Poster
in
Workshop: Deep Generative Model in Machine Learning: Theory, Principle and Efficacy
TASKD-LLM: Task-Aware Selective Knowledge Distillation for LLMs
Khouloud Saadi · Di Wang
Keywords: [ Gradient Attribution ] [ Selective Distillation ] [ Task-Based Knowledge Distillation ] [ Knowledge Localization ] [ LLMs ]
Large language models achieved state-of-the-art performance in generative tasks but are computationally expensive, making them impractical for deployment in resource-constrained environments. Knowledge distillation (KD) is a promising technique for compressing LLMs by transferring knowledge from a large teacher to a more efficient student model. However, existing task-based KD methods distill all teacher model components indiscriminately. Since teacher models are typically pre-trained for versatility across a broad range of tasks, this approach can introduce unnecessary complexity when distilling for a specific downstream task, potentially limiting the student's ability to specialize.

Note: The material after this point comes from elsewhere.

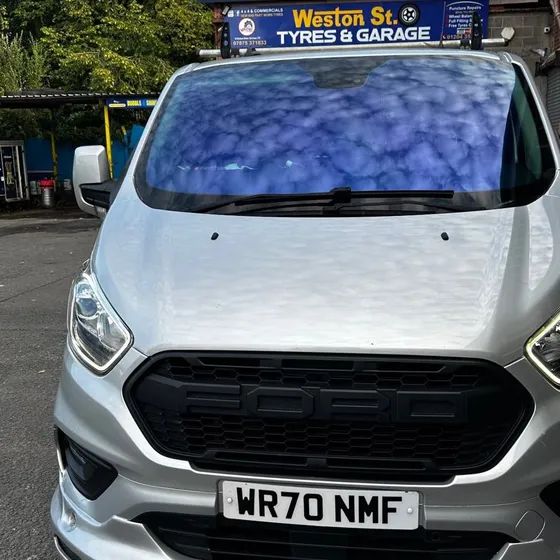 A silver Ford Transit Custom van with a chameleon windscreen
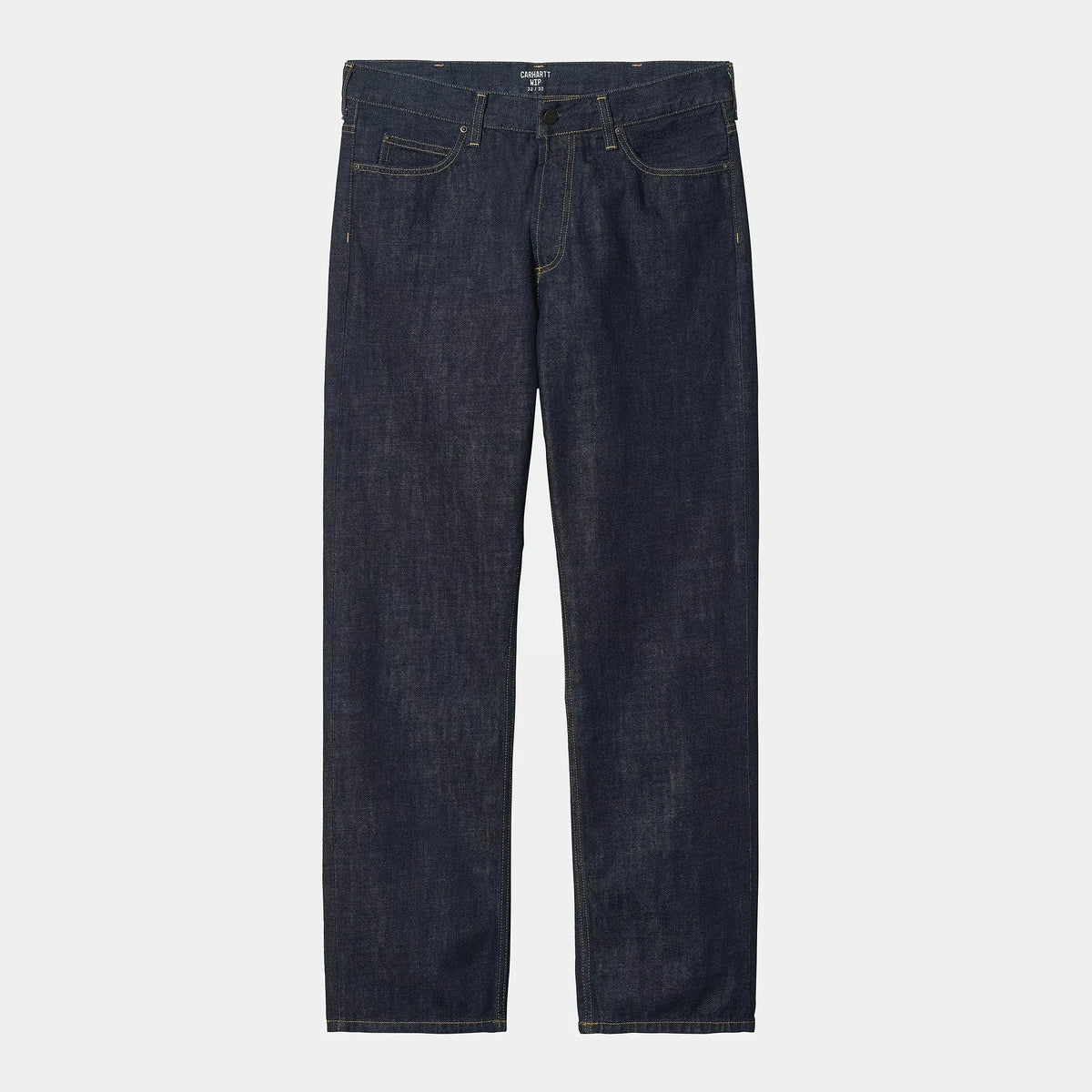 Marlow Pant Blue Rinsed à plat de face, denim brut rinsé texturé, rivets sombres et surpiqûres moutarde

Furthermore, previous work showed that only a subset of the LLM components significantly contribute to a given task, making indiscriminate distillation inefficient. Motivated by these insights, we propose task-aware selective KD (TASKD-LLM), a novel approach that transfers only task-relevant knowledge from the teacher to the student, simplifying the distillation process and maintaining the student's focus. Our method is flexible and can be combined with other distillation techniques in a plug-and-play manner. Empirical results demonstrate that TASKD-LLM outperforms existing methods, achieving higher performance on several benchmark datasets.